*** Begin section ***
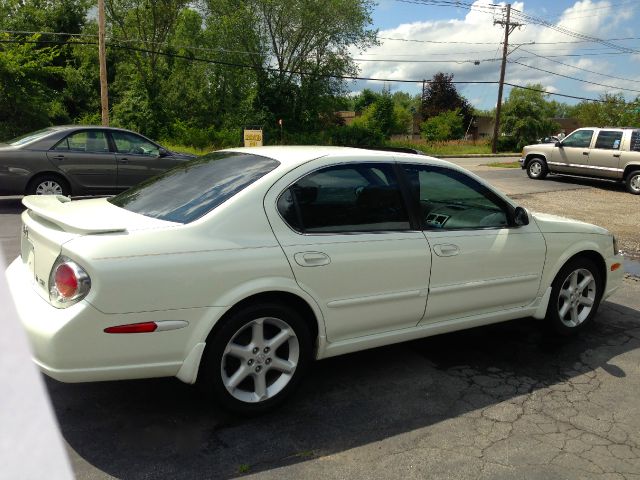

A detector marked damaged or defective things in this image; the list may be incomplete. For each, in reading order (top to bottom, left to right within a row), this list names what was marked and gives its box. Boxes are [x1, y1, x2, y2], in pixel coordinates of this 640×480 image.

cracked asphalt [1, 162, 640, 480]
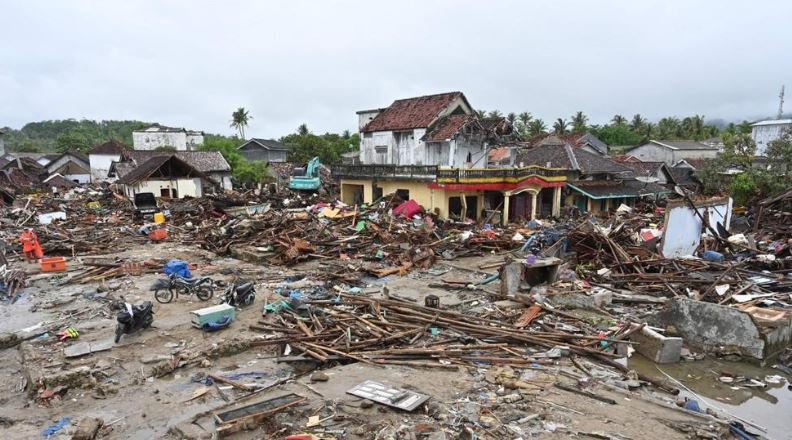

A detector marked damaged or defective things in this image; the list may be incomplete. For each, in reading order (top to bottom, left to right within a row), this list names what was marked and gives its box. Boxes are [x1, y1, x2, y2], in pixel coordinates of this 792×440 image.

broken roof [360, 92, 468, 133]
damaged two-story building [334, 92, 568, 223]
broken roof [516, 143, 636, 174]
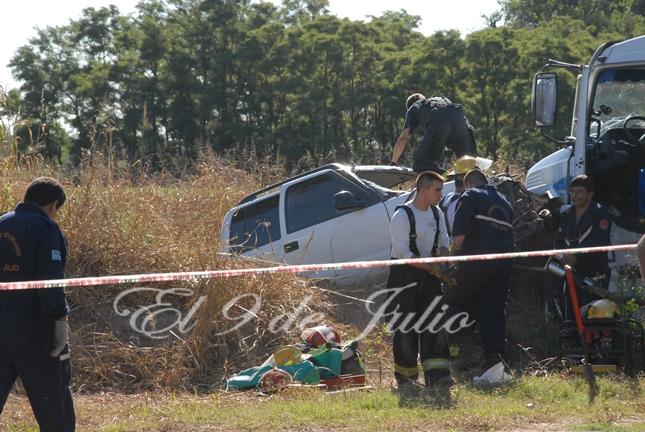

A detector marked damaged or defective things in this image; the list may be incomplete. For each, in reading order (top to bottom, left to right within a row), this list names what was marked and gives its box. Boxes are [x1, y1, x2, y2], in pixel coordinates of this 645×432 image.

crashed white car [221, 164, 422, 286]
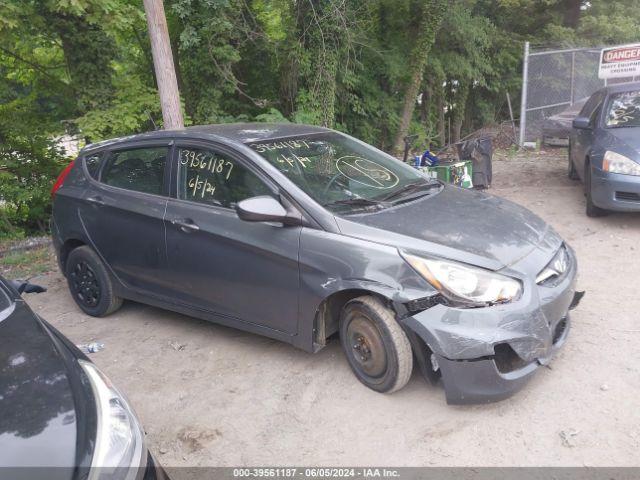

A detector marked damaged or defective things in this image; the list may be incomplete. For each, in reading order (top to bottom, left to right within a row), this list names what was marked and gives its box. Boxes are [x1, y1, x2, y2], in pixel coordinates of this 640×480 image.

cracked headlight [600, 151, 640, 175]
damaged gray hatchback [51, 122, 580, 404]
cracked headlight [402, 253, 524, 306]
crumpled front bumper [402, 246, 584, 404]
cracked headlight [79, 360, 146, 480]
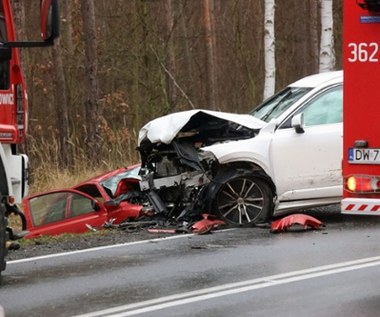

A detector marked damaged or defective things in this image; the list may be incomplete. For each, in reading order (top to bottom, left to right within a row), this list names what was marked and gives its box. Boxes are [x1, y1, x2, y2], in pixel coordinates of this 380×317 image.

crumpled hood [138, 108, 266, 144]
red crashed car [22, 165, 144, 237]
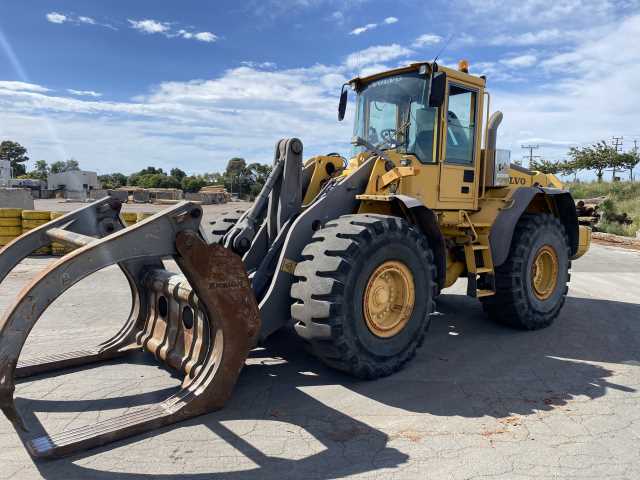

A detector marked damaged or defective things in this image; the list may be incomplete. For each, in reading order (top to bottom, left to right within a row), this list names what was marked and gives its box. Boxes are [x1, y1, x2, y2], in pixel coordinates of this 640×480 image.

rusty grapple claw [0, 199, 260, 458]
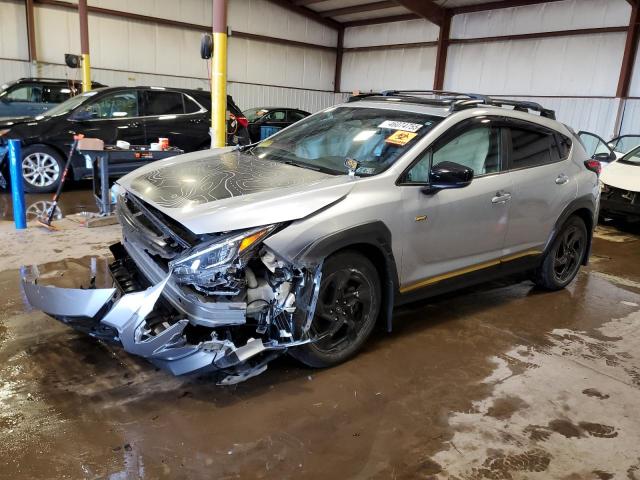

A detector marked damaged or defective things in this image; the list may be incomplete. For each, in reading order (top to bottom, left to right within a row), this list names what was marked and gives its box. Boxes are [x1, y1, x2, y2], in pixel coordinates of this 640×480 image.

crumpled hood [119, 148, 356, 234]
crumpled hood [604, 160, 636, 192]
severe front end damage [22, 193, 322, 384]
damaged front fascia [20, 242, 324, 384]
broken headlight [168, 226, 276, 284]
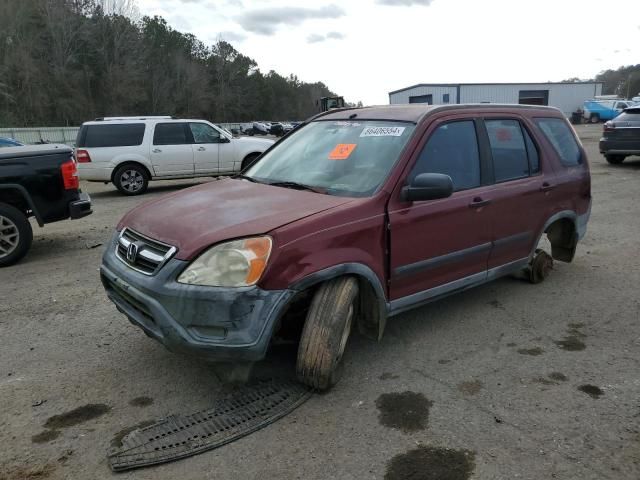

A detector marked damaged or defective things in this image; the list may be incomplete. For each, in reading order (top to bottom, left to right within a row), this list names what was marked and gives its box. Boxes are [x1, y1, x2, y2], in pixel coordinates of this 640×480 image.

damaged red suv [102, 104, 592, 390]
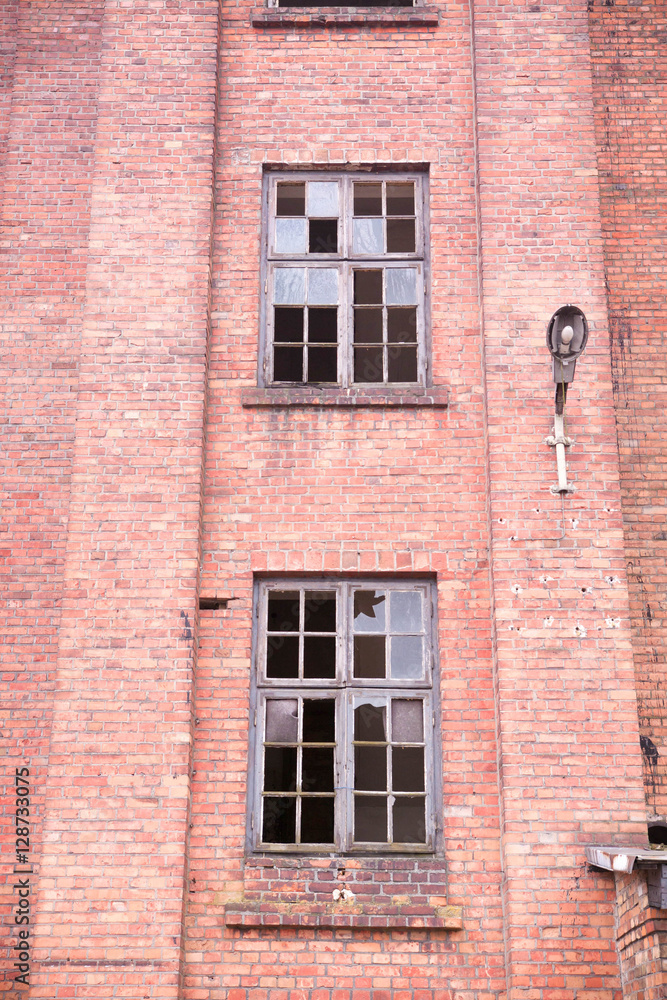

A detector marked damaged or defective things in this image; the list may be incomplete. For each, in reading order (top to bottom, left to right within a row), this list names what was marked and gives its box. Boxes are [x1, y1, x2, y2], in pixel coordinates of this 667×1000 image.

broken glass pane [276, 184, 306, 217]
broken glass pane [276, 218, 308, 254]
broken glass pane [352, 218, 384, 256]
broken glass pane [276, 270, 306, 304]
broken glass pane [354, 588, 386, 628]
broken glass pane [392, 588, 422, 628]
broken glass pane [304, 640, 336, 680]
broken glass pane [388, 640, 426, 680]
broken glass pane [354, 704, 386, 744]
broken glass pane [392, 704, 422, 744]
broken glass pane [264, 752, 298, 788]
broken glass pane [262, 796, 296, 844]
broken glass pane [302, 796, 334, 844]
broken glass pane [354, 796, 386, 844]
broken glass pane [392, 796, 428, 844]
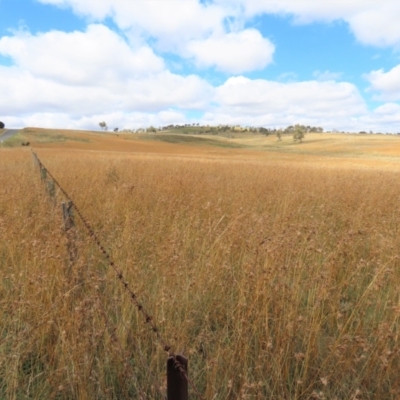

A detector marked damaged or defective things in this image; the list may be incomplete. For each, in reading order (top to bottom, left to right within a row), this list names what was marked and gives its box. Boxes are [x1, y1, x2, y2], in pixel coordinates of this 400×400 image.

rusty barbed wire [31, 151, 205, 400]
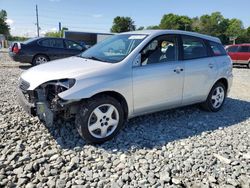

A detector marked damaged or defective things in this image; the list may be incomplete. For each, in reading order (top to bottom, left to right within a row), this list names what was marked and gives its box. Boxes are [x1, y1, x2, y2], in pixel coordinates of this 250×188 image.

crumpled hood [20, 55, 112, 89]
damaged front end [17, 78, 77, 126]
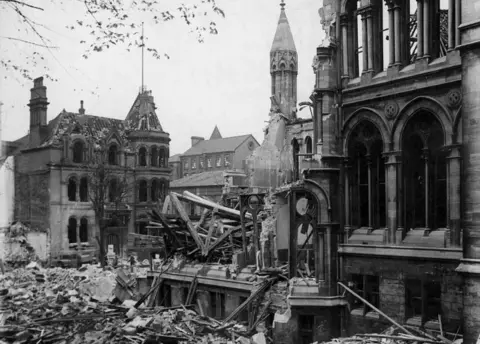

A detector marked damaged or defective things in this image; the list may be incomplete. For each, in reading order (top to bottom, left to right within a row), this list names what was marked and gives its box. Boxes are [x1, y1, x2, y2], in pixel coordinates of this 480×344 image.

damaged building [146, 0, 480, 342]
broken window [402, 113, 446, 231]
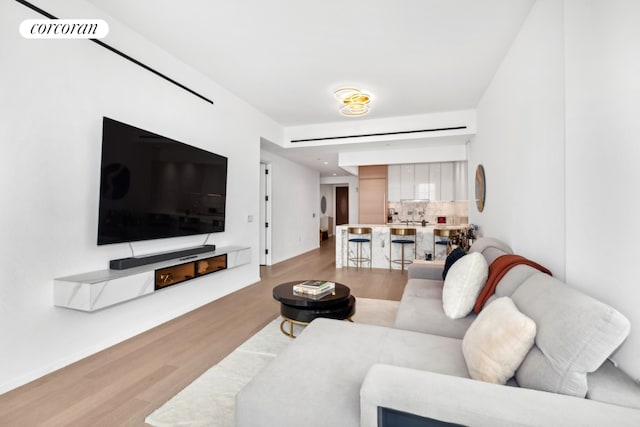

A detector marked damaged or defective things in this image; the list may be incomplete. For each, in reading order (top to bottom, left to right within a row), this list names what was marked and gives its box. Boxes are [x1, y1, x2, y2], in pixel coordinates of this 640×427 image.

rust throw blanket [472, 254, 552, 314]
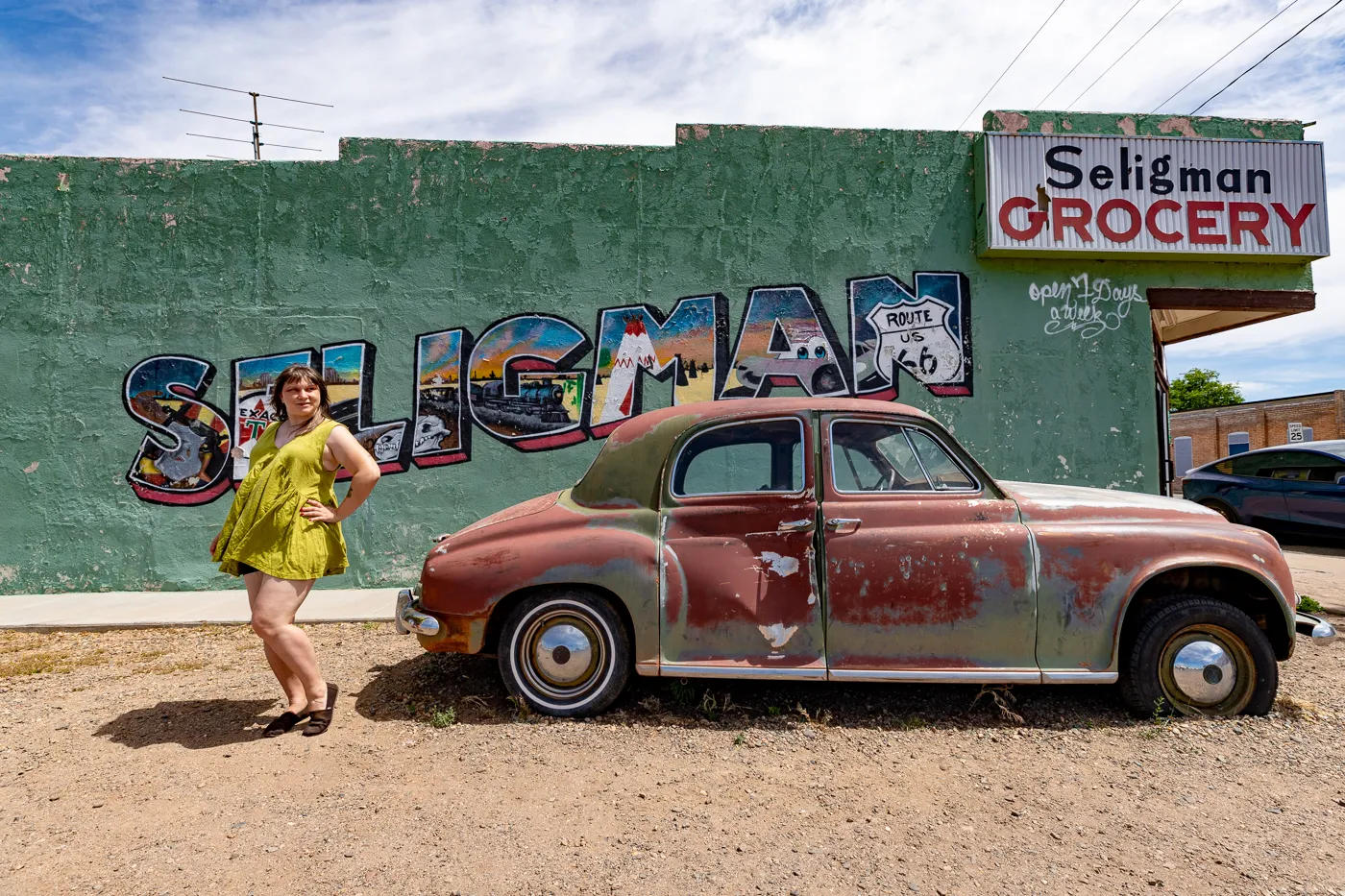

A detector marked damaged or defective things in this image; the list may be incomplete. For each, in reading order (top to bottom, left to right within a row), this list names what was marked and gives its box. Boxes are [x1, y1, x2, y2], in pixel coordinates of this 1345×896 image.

rusty vintage car [392, 400, 1337, 718]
*** End section ***
**EXERCISE AIM**.
Your task is to repeat exactly the lines from the one containing "this 480×344 image." through the end of the material, both included, and only those, without pictures.

**ANSWER FOR THE TASK**.
A detector marked damaged or defective things in this image; the list may be incomplete. For each, in reading order (top to bottom, left to right within a row), this list names what was marked and gives its box. Boxes are [x1, y1, x2, y2], in pixel coordinates of this 480×344 image.

damaged building [146, 0, 480, 342]
broken window [402, 113, 446, 231]

A detector marked damaged or defective things in this image; the list may be incomplete. For each, in reading order (top to bottom, left to right within a row), this list names what was marked and gives its box. Boxes are [x1, y1, x2, y2], in pixel coordinates of this 640×427 image.

rust throw blanket [472, 254, 552, 314]

A detector marked damaged or defective things in this image; the list may be incomplete. For each, in reading order (top to bottom, left to right within a row), this list names what was marked and gives its box. Boxes are [x1, y1, x2, y2], in pixel coordinates of this 1345×896 image.

rusty vintage car [392, 400, 1337, 718]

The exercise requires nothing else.